Woo Cheong Tea House’s new Chinese tea-based cocktails – each of which are paired with Chinese snacks – are the creation of bar manager Karlton Cheung, who employs innovative techniques to reinterpret classics in new and surprising ways. In particular, he uses traditional Chinese teas, including jasmine, osmanthus, pu’erh and more, to create speciality cocktails that are balanced in flavour, fragrance and hue.
To kick-start the evening, the Jasmine cocktail is the perfect choice. A reimagining of the classic daiquiri, this sleek tipple uses verjus – a highly acidic juice made by pressing unripe grapes, crab-apples or other sour fruit – instead of citrus for extra acidity. It is then mixed with two types of rum to create a complex and layered drink.
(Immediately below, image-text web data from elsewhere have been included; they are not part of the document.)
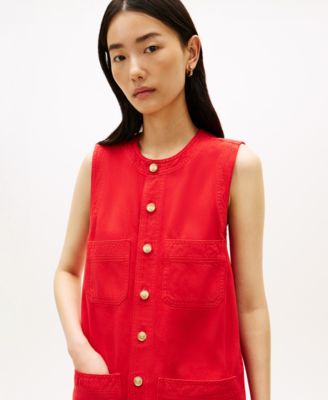 Women's Color Denim Sleeveless Crewneck Mini Dress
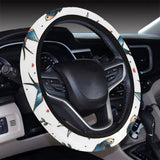 Swallow Pattern Print Design 04 Car Steering Wheel Cover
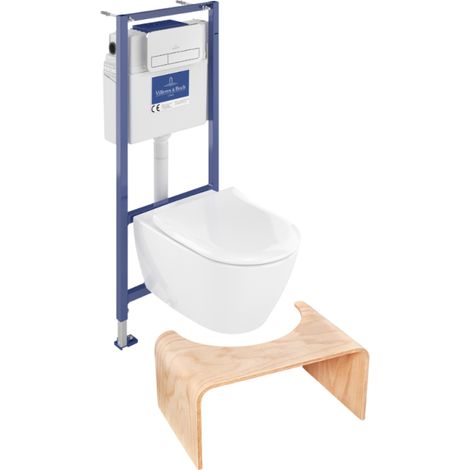 Pack inodoro VILLEROY ET BOCH Subway 2.0 sin reborde con asiento de cierre suave + estructura Viconnect PRO + placa blanca + taburete de madera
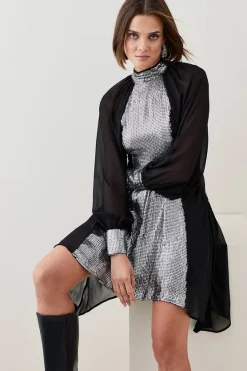 Buy ✔️ Karen Millen Sequin Panelled Georgette Woven Mini 👗 Dress - black ⭐ -Occasionwear Popular Store bkk05608 black xl 2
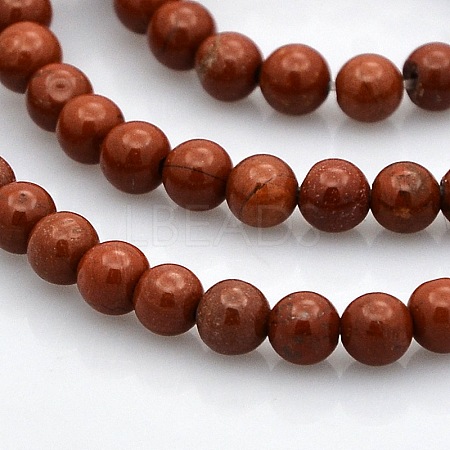 Round Natural Red Jasper Beads Strands G-N0120-28-4mm-1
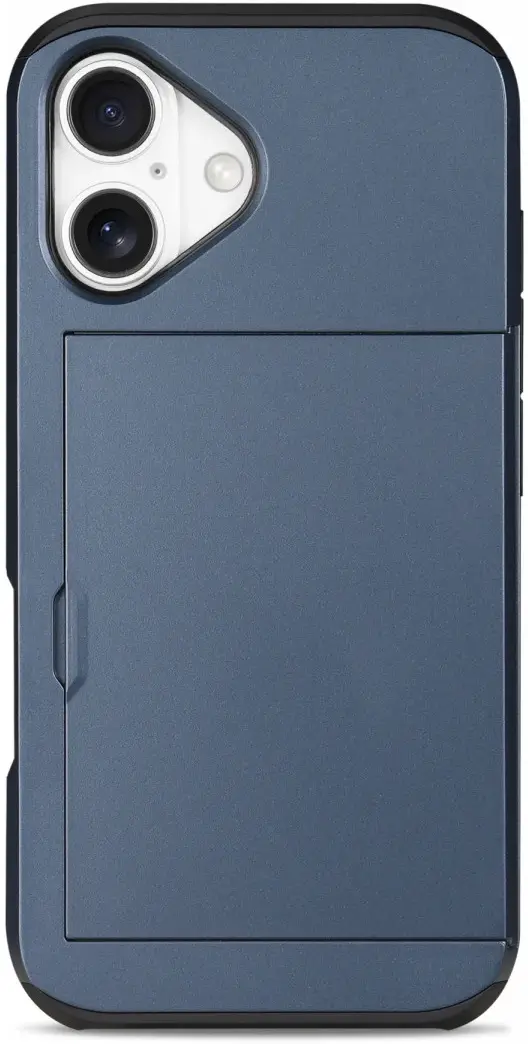 Apple iPhone 16 Hoesje met Slider Kaarthouder Back Cover Blauw afbeelding 12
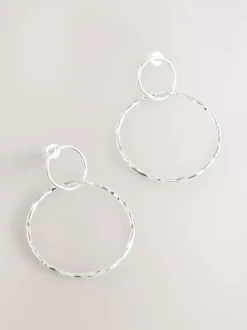 Tonalité argentée - Pendants d'oreilles cercle
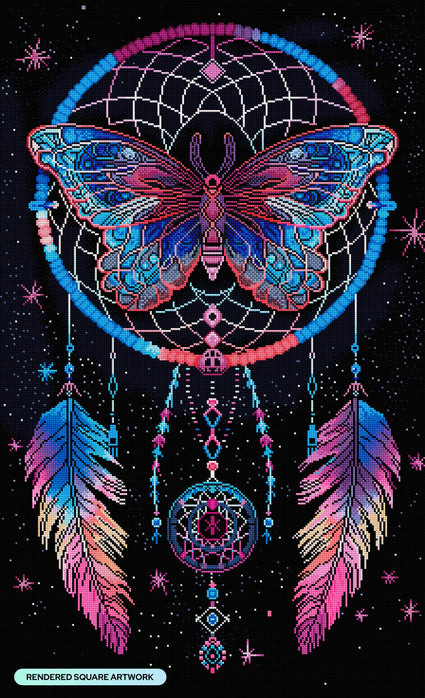 Diamond Painting Night and the Moth Dreamcatcher 22" x 36" (55.8cm x 91.6cm) / Square with 43 Colors including 3 ABs and 2 Fairy Dust Diamonds / 82,432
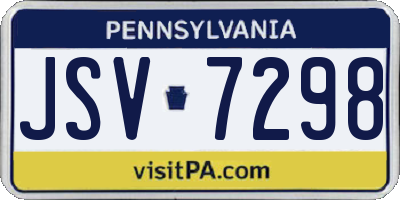 PA license plate JSV7298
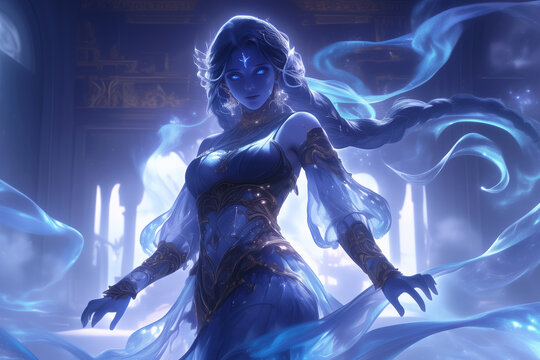 graceful female djinn in a glowing temple hall commanding magical forces with elegance and supernatural power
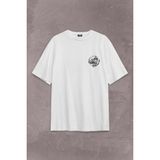 Kendim Seçtim Tipografik Istanbul Silüet Tasarım Martı Sırt Ön Baskılı Oversize Tişört T-Shirt - Beyaz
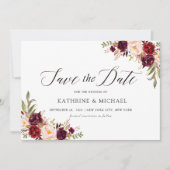 Marsala Bordeaux Save the Date Kaart (Voorkant)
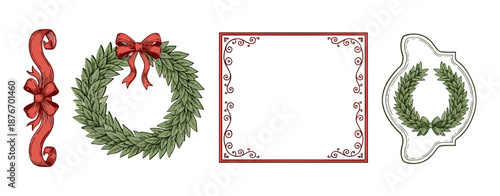 decorative frames with fir tree branches, bow and ribbon, mistletoe and lights in vintage doodle style for poster, placards and invitation cards. holiday frame vector set.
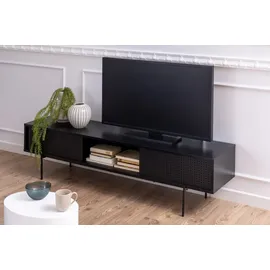 Actona Angus Lowboard 180x44,5x40 cm Schwarz Metall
The Chrysanthemum Negroni is a variation of the beloved Italian classic. Sweet chrysanthemum tea is combined with refreshing sauvignon blanc, gin and violette to create an elegant white cocktail infused with floral aromas. A lighter version of the original negroni, this tipple makes for a fantastic apéritif.
Finally, those who like bolder beverages should go for the Pu’erh Fashioned. This balanced, multi-layered cocktail starts with savoury notes of salted tangerine peel that lead into rich flavours of pu’erh tea and a whisky-driven acerbic finish. Bold and sophisticated, this is a great option to end a meal.